Agnes Helen was born October 19, 1915, to Harry Edwell Samuel and Frances Christina Litherland, dairy and small crop farmers living near Murwillumbah, north coast NSW. The family later moved to Cudgera, Cudgen, and then to Upper Burringbar, where Agnes Helen attended a convent school at Burringbar to sixth grade.  Agnes studied and loved the piano, an instrument bought as a gift by her father, and which she kept all her life until about two years ago, when she gave it to her niece.

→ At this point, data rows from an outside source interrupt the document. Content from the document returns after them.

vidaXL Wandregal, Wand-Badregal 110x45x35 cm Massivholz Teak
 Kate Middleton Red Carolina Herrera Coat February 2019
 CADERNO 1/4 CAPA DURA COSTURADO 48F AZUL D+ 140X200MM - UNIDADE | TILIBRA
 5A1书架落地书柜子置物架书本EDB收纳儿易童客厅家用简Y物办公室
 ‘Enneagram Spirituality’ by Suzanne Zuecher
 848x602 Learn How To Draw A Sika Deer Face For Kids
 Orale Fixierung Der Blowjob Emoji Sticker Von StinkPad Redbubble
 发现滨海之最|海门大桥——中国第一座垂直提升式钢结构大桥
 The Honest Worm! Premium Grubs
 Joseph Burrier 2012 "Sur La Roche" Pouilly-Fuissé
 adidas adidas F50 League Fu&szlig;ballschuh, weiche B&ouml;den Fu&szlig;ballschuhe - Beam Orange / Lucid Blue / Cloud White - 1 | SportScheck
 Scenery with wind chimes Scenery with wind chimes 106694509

Agnes met Charles Peter Haynes, whose family owned a banana plantation near Upper Burringbar. They married on October 10, 1938 in Lismore, NSW, and spent their honeymoon on a road trip through southern Queensland. The newlyweds made their home in Upper Burringbar until 1944, when they were called to work for the church, and commenced ministry in Brisbane. Their marriage was blessed with three children, Winifred Helen, born August 14, 1939, who sadly died in 1941 at the age of two; Elizabeth Jane Frances born December 21, 1942, and Harry Peter, born July 29, 1948.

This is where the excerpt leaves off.